Hello everyone
I have a data set with dimension of 330 * 45000 ( 330 samples and 45000 features : reads in peaks)
I am looking for a way to select best features for binary classification. so far I only chose feature with covariance
higher than 0.5 or less than -0.5 and reduced dimension to 14000. but I know I should reduce dimension furthermore , I'm not sure if I can use randomforest
at this stage, do you have any suggestions or tips?
thank you for your response it was indeed , very helpful for me.
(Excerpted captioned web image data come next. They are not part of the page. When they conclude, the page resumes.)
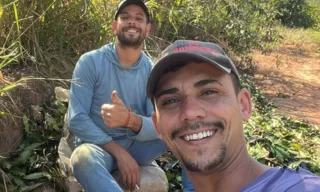 Imagem ilustrativa da imagem Casal de agricultores gay faz sucesso nas redes ao mostrar rotina no campo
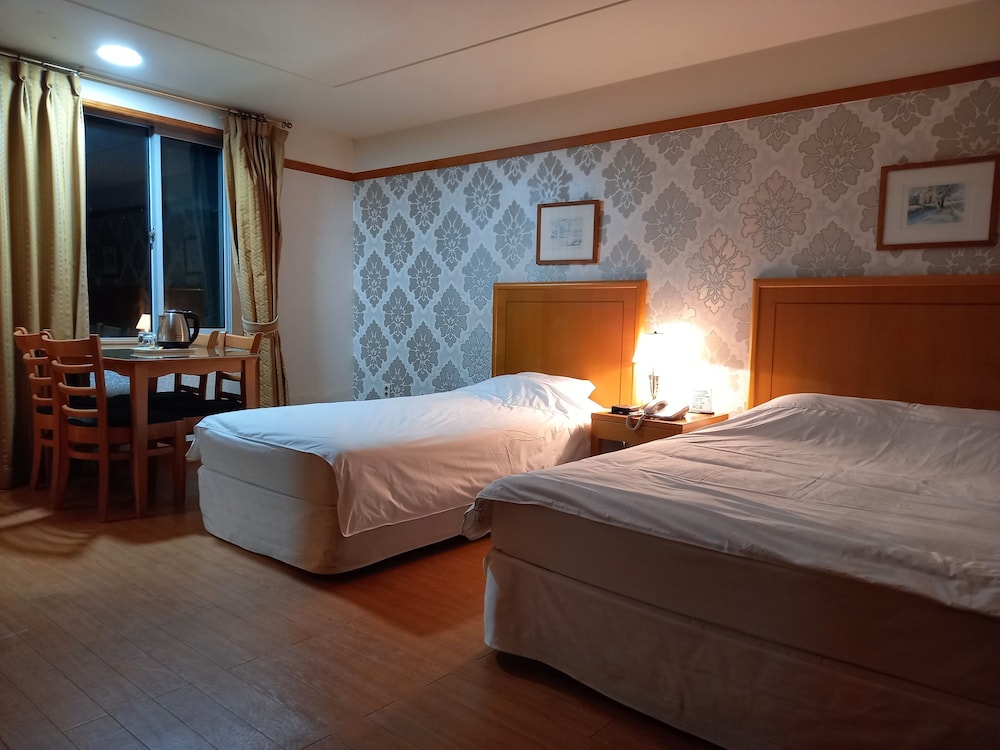 gimcheon park tourist hotel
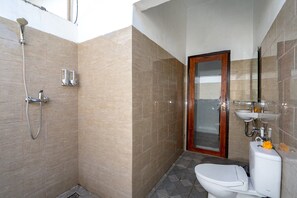 Shower, towels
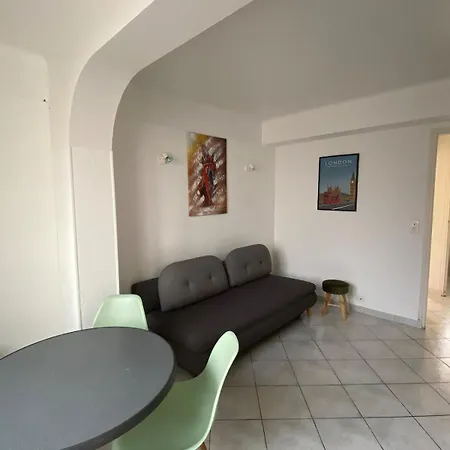 Rdc Proche De La Apartment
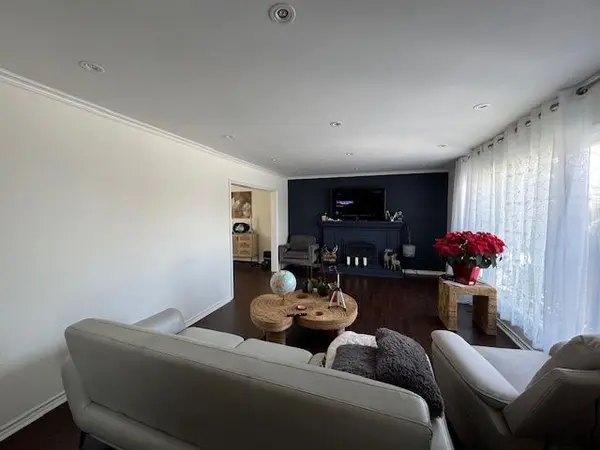 39 Milne LN, East Gwillimbury, ON L0G 1R0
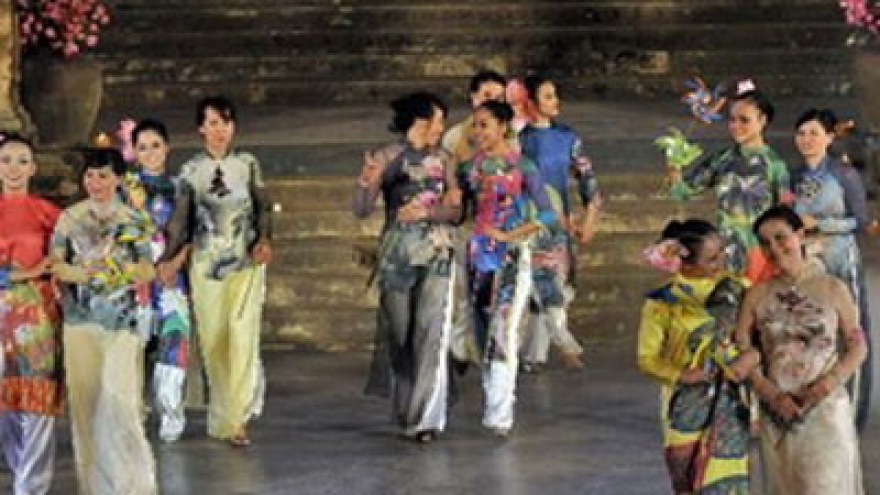 Foreign art troupes register for Festival Hue 2014  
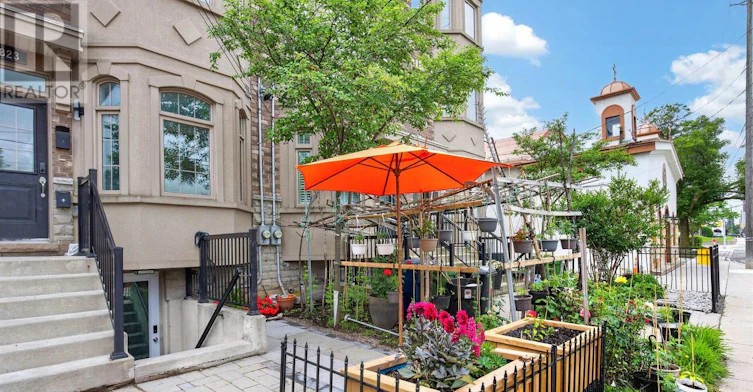 LOWER-2823 St Clair Avenue E, Toronto, ON, M4B 1N3 - 3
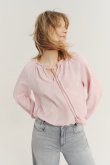 Kobieca bluzka w jasnoróżowym kolorze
I have a question though, in the case of bigger datasets( more features) about 500,000 features and 1000 samples, what is the best preprocessing method for classification ? I'm looking for a method like variance that doesn't look to sample labels
I don't know that anything will work well on half a million features. Using variance and correlation (see here and here) is likely to be most productive.
Multicolinearity between features can be determined by calculating the variance inflation factor (VIF), but that is also too slow for 500K features. I just did a quick simulation with 1000 samples and 500 features, and that still took 2 hours on a fast, 12-CPU computer. See a notebook for the VIF implementation, but I don't think that will really help you.
Maybe try something like gradient boosting that is multithreaded and can handle large datasets. More than anything, I would suggest you re-think the strategy that gives you 500K features. In other words, work on reducing the number of features before attempting to classify. Whatever measurements you are making, make fewer than half a million.